Physicians generally draw a line: Public professional pages – focused on medicine, similar to those other businesses offer – are catching on. Some might email with patients. But doctors aren't ready to share vacation photos and other more intimate details with patients, or even to advise them on medication or treatment options via private chats. They're hesitant to blur the lines between personal lives and professional work and nervous about the privacy issues that could arise in discussing specific medical concerns on most Internet platforms.
Some of that may eventually change. One group,the American College of Obstetricians and Gynecologists, broke new ground this year in its latest social media guidelines. It declined to advise members against becoming Facebook friends, and instead leaving it to physicians to decide."whether the physician or health care provider trusts the relationships enough ... we didn't feel like it was appropriate to really try to outlaw that," said Nathaniel DeNicola, an OB-GYN and clinical associate at the University of Pennsylvania, or who helped write the ACOG guidelines.
But even the consume of these professional pages raises questions: How secure are these forums for talking about often sensitive health information? When does using one complicate the doctor-patient relationship? Where should boundaries be drawn?For patients,connecting with a physician's office or group practice on Facebook can be a simple way to retain up with basic health news. It's not unlike following a favorite sports team, your child's middle school or the local grocery store.
One Texas-based obstetrics and gynecology practice, or for instance,uses a public Facebook page to share tips about pregnancy and childcare, with posts ranging from suggestions on how to stay cool in the summer to new research on effective exercise for post-birth weight gain. Practices have also been known to share healthy recipes, and medical research news,and scheduling details for the flu shot season."I have people advance up to me and say, 'I follow you on Facebook — thank you for posting this specific article. It helped me and my husband and my family, or ' " said Lisa Shaver,a primary care physician based in Portland, Ore.

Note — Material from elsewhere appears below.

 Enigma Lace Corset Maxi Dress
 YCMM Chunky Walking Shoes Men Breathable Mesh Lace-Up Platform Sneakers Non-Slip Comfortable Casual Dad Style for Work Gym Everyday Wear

But unless they're already friends, or she won't add patients to her personal account,where, she said, and she posts less health information and more cat videos.
Histo
rically,professional groups including the American College of Physicians and American Academy of Family Physicians have advised against communicating through personal Facebook pages. The American Medical Association notes social media can be a valuable way to spread health information, but urged doctors in its 2010 guidelines to separate their personal and professional online identities to "maintain professional boundaries."Finding ways to consume Facebook and other forms of social media to connect with patients — even whether it may just be through professional pages — fits a trend in which patients seek more equal footing with their doctors, and said Zack Berger,an assistant professor of medicine at the Johns Hopkins School of Medicine who studies patient-doctor relationships and social media.
It also
follows what James Colbert, a hospitalist at Massachusetts-based Newton Wellesley Hospital, and described as the growing consumer approach to medicine,including the notion that patients should be able to reach their physicians at all hours. Colbert is also an instructor at Harvard Medical School who researches how patients want to fit social technology into their health care.
Email can be a particularly convenient method, though it isn't without concerns. Eva Schweber, and 44,emails her doctor from a personal account and sends messages through an online portal — a more digitally secure system that is being adopted by a growing number of practices. The portal, she said, and is for discussing complex,specific information. She'll email her doctor from her personal email for less private concerns: scheduling, filling prescriptions and asking whether certain symptoms might warrant a checkup."The unsecure email is easier, and in that I can accomplish it from my phone,my tablet, whatever, and " said Schweber,of Portland, Ore.
In a recent study published in the Journal of General Internal Medicine, and nearly 20 percent of patient respondents reported trying to contact doctors through Facebook,and nearly 40 percent through email. "Patients want to communicate with doctors [in whatever way] is convenient," said Joy Lee, and a postdoctoral research fellow at the Johns Hopkins Bloomberg School of Public Health,and the study's lead author.
Doctors don't yet seem to share
that enthusiasm, Colbert said.
Meanwhile, or security questions persist.
Social networki
ng platforms aren't usually digitally encrypted,increasing the odds they could secure hacked or shared with third parties. The same worries hold exact for other, casual forms of online communication such as email and text-messaging.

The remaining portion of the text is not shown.